### REQUIRED ACTION
Your answer must be the exact lines from the one with "Like Cloudy? 5 DJs to log next, slide 1" to the end of the data, both included, with no pictures.

───── EXTRACTED MATERIAL ─────

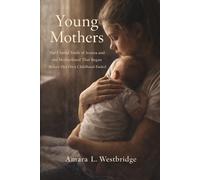 Young Mothers: The Untold Truth of Jessica and the Motherhood That Began Before Her Own Childhood Ended
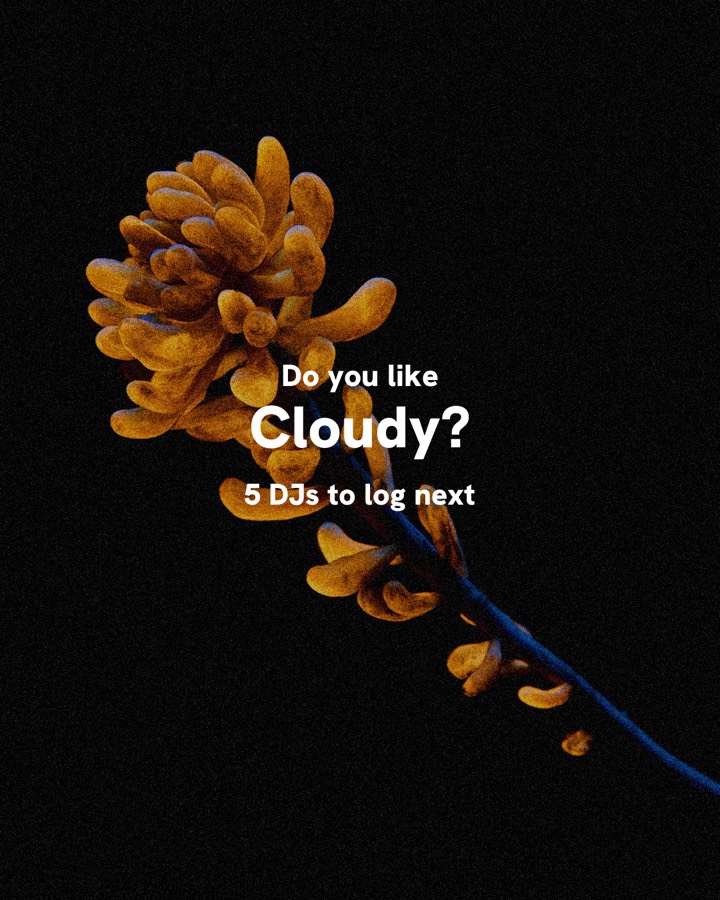 Like Cloudy? 5 DJs to log next, slide 1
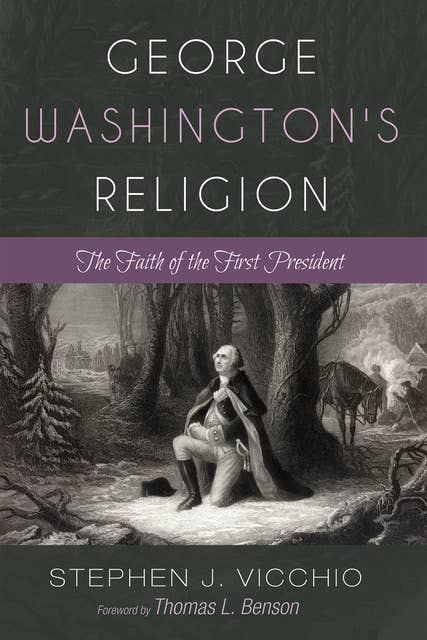George Washington's Religion: The Faith of the First President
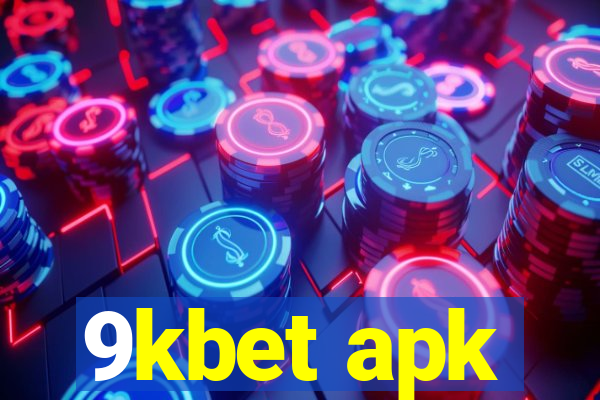 9kbet apk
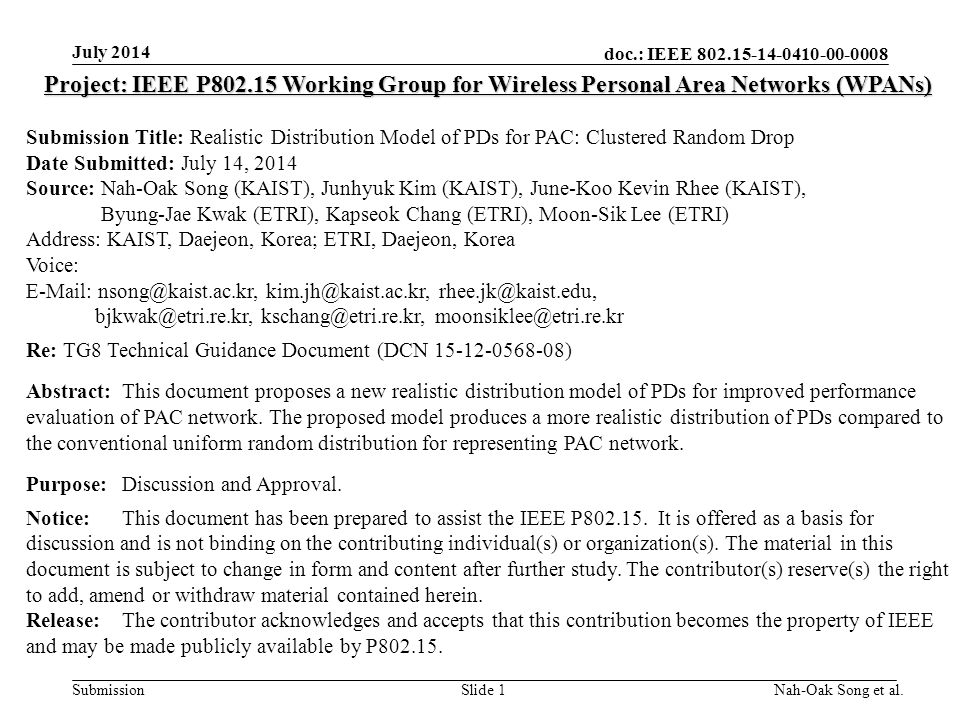 doc.: IEEE Submission July 2014 Nah-Oak Song et al.Slide 1 Project: IEEE P Working Group for Wireless Personal Area Networks (WPANs) Submission Title: Realistic Distribution Model of PDs for PAC: Clustered Random Drop Date Submitted: July 14, 2014 Source: Nah-Oak Song (KAIST), Junhyuk Kim (KAIST), June-Koo Kevin Rhee (KAIST), Byung-Jae Kwak (ETRI), Kapseok Chang (ETRI), Moon-Sik Lee (ETRI) Address: KAIST, Daejeon, Korea; ETRI, Daejeon, Korea Voice:      Re: TG8 Technical Guidance Document (DCN ) Abstract:This document proposes a new realistic distribution model of PDs for improved performance evaluation of PAC network.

─────

### ANSWER BOX
 Like Cloudy? 5 DJs to log next, slide 1
George Washington's Religion: The Faith of the First President
 9kbet apk
 doc.: IEEE Submission July 2014 Nah-Oak Song et al.Slide 1 Project: IEEE P Working Group for Wireless Personal Area Networks (WPANs) Submission Title: Realistic Distribution Model of PDs for PAC: Clustered Random Drop Date Submitted: July 14, 2014 Source: Nah-Oak Song (KAIST), Junhyuk Kim (KAIST), June-Koo Kevin Rhee (KAIST), Byung-Jae Kwak (ETRI), Kapseok Chang (ETRI), Moon-Sik Lee (ETRI) Address: KAIST, Daejeon, Korea; ETRI, Daejeon, Korea Voice:      Re: TG8 Technical Guidance Document (DCN ) Abstract:This document proposes a new realistic distribution model of PDs for improved performance evaluation of PAC network.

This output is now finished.